Thanks, Bob, Stefan and James.
So far, I've noted three such vessels at Chester and one, already published but without comment, at Caerleon amphitheatre. Three 'vessels' are fragmentary and so it's impossible to say how many more holes were on the vessels. A larger part of the fourth has survived, but again it's impossible to say if there might have been another 2 or 3 holes.
I have mentioned in my report that there may have been some specific function, whether in hanging them up - or in pouring off liquids [cf Bob and Stefan's suggestions] at a 'fast-food joint' or in a gladiatorial banquet such as the cena libera.
The latest Chester vessel was made at least 50-60 years after the other two, and was deposited at least 30 years after one of those two. So whatever the purpose, ritual or culinary, the activity seems to have gone on for years.
Kind regards to all!
James - I can't provide the illustrations before publication, but here's an extract from the 1920s' publication of Caerleon amphitheatre by Sir Mortimer Wheeler and his wife (see Wheeler and Wheeler 1928, plate 35.1 no 7).

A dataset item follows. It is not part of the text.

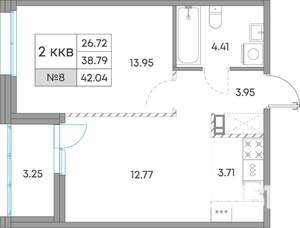 2-к квартира, вторичка, 42м2, 3/7 этаж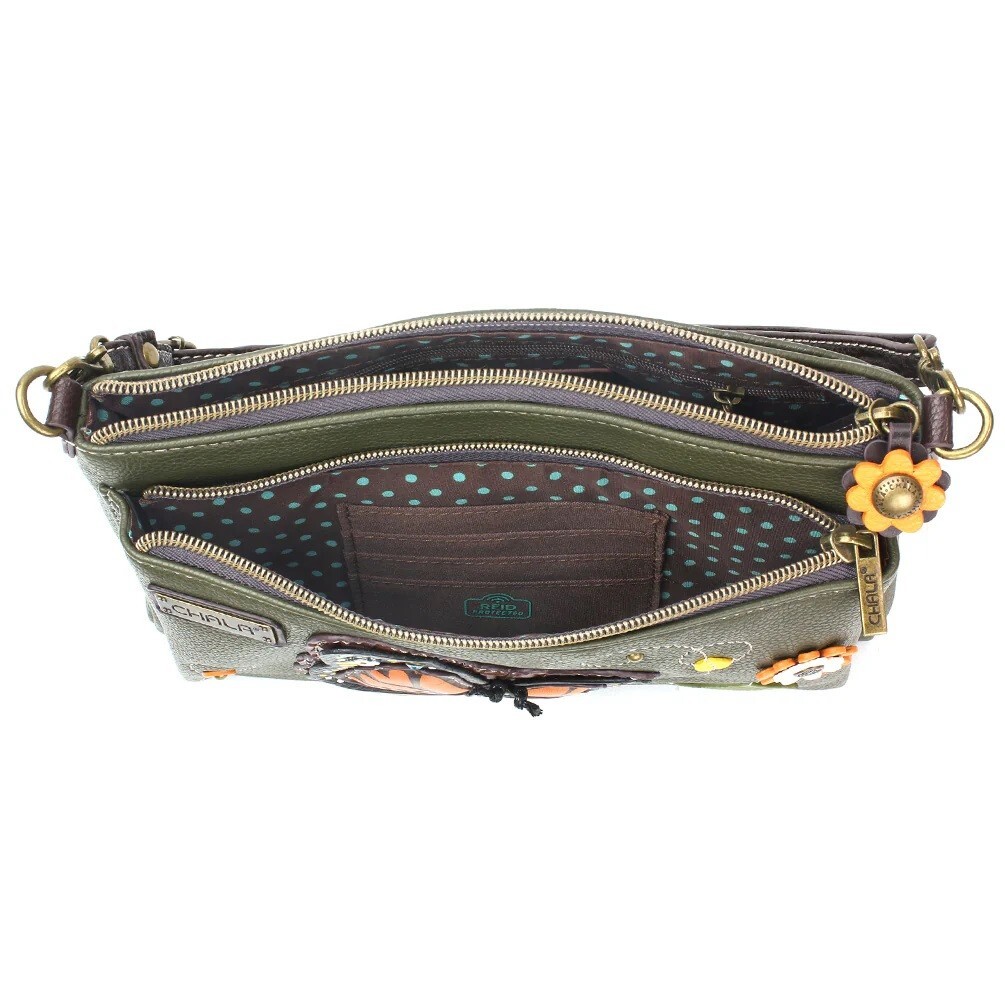 Chala Monarch Butterfly Deluxe Crossbody RFID Protected Vegan Leather Bag NWT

The text does not refer to the hole, but it has been measured recently, and the hole's original diameter was 7 mm.
Margaret. After reviewing thousands of drawings and photographs of terra sigillata and other wares, I see that holes like you have are rare. I remember being impressed recently at seeing a sophisticated ceramic strainer vessel recovered from, I think, Pompey. In plastic it could have come out of any kitchen section at the local store. May (1916) mentions several multi-hole strainer from Britain, some with many small pierced holes. Thus while Bob's suggestion about an infuser/strainer was good, the holes are probably too large, considering that they purposely made strainers.
In my review, I did notice two types of holes. The 1st appeared to be punched through the vessel walls from the inside during production, as evident by the clay burs around the holes. The other type were holes that appeared to have been worn down by cordage or ground to prevent chafing. Are the holes you have discovered pre-firing or are they drilled post-firing? The next question should be spalling: could the wear be from weathering/spalling?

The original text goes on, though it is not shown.